▸ Work to complete
A faithful copy of the data below is required, leaving out every picture.
= Beginning of Section =
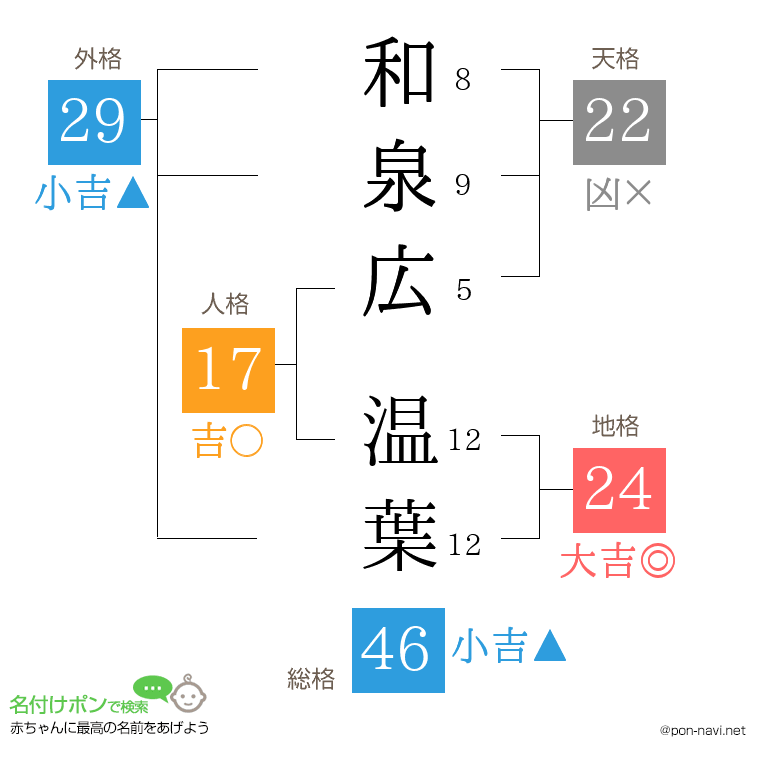 和泉広 温葉さんの姓名判断結果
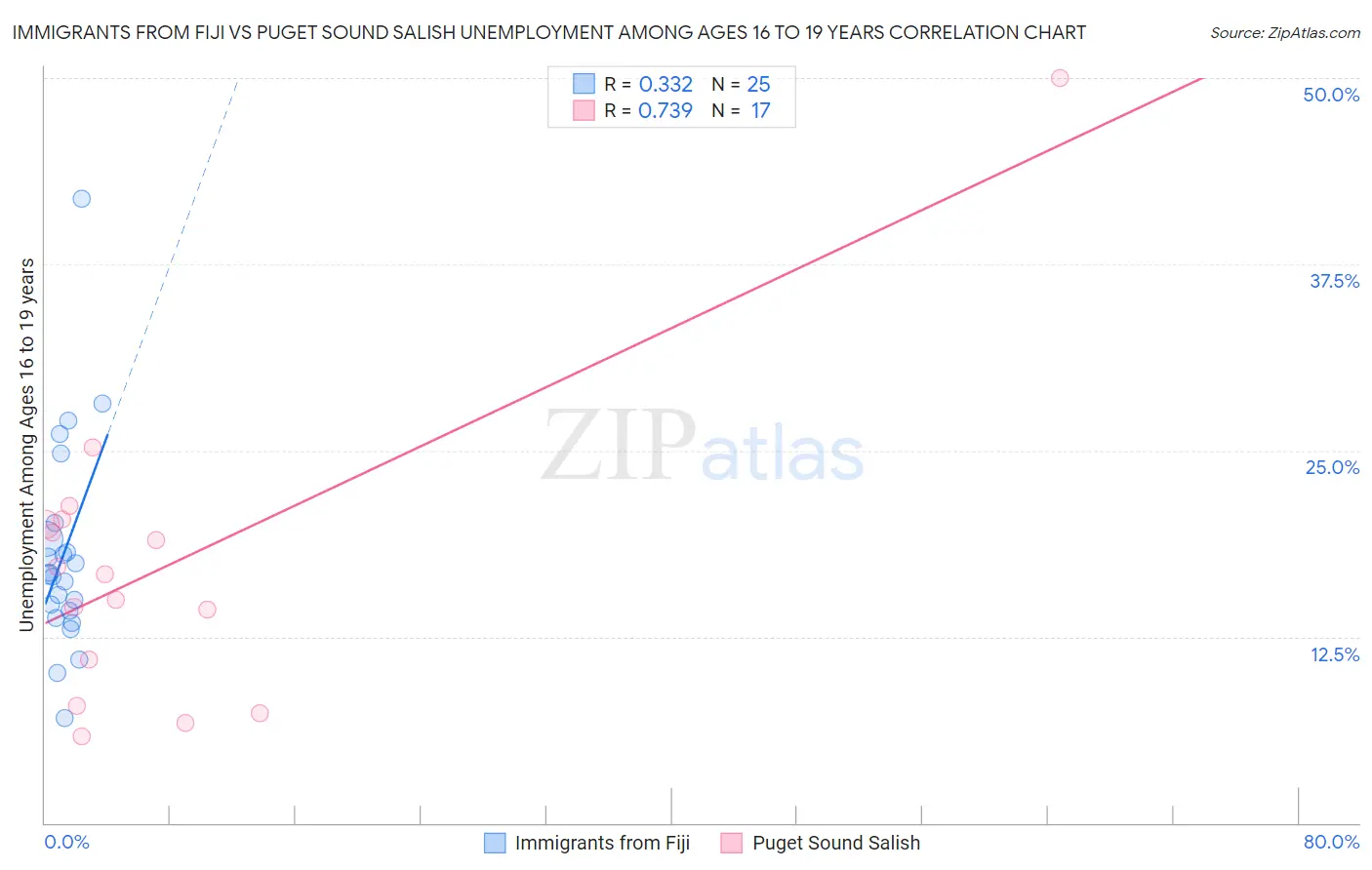 Immigrants from Fiji vs Puget Sound Salish Unemployment Among Ages 16 to 19 years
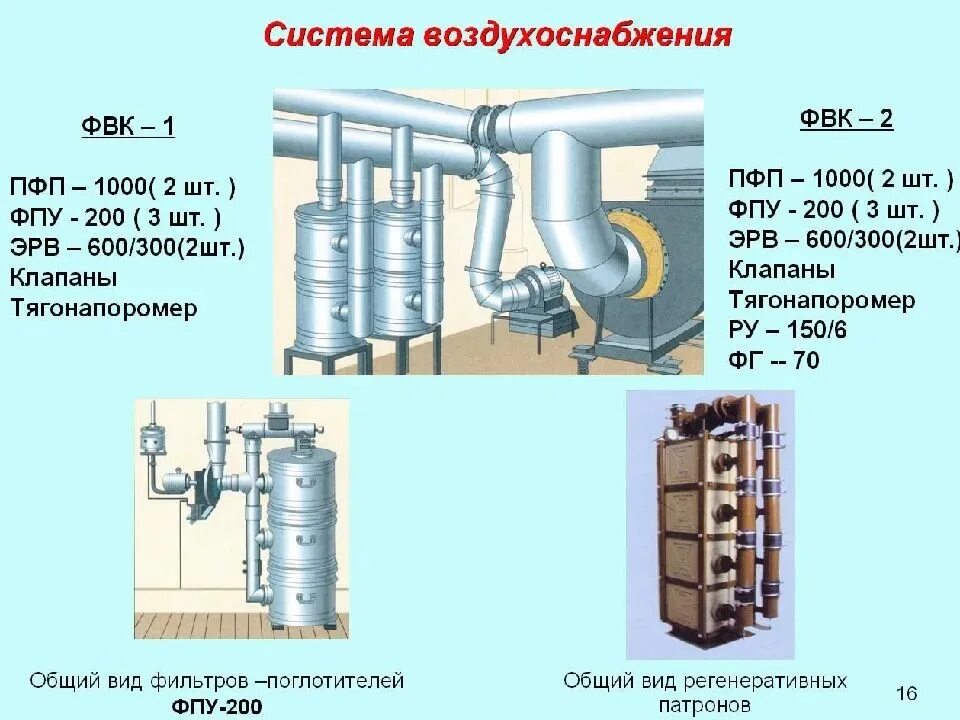 Фильтровентиляционные комплекты ФВК-2. Фильтровентиляционный комплект ФВК-1. Фильтро вентиляционная система ФВК-1. Система воздухоснабжения в убежище.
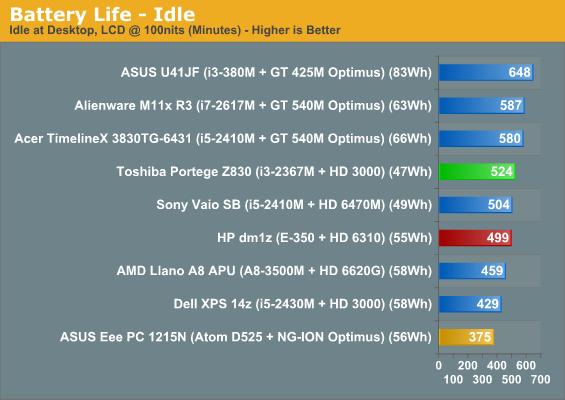 Battery Life - Idle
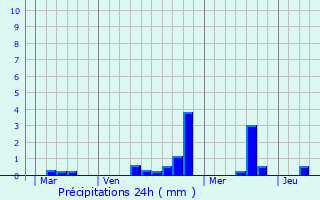 Graphique des précipitations prvues pour Le Lou-du-Lac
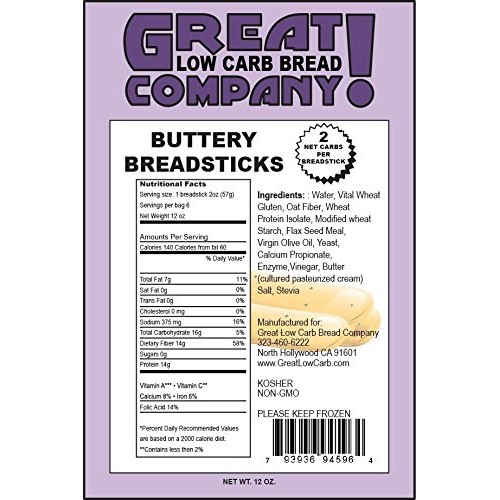 Great Low Carb Buttery Breadsticks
= End of Section =
▸ Final answer
 和泉広 温葉さんの姓名判断結果
 Immigrants from Fiji vs Puget Sound Salish Unemployment Among Ages 16 to 19 years
 Фильтровентиляционные комплекты ФВК-2. Фильтровентиляционный комплект ФВК-1. Фильтро вентиляционная система ФВК-1. Система воздухоснабжения в убежище.
 Battery Life - Idle
 Graphique des précipitations prvues pour Le Lou-du-Lac
 Great Low Carb Buttery Breadsticks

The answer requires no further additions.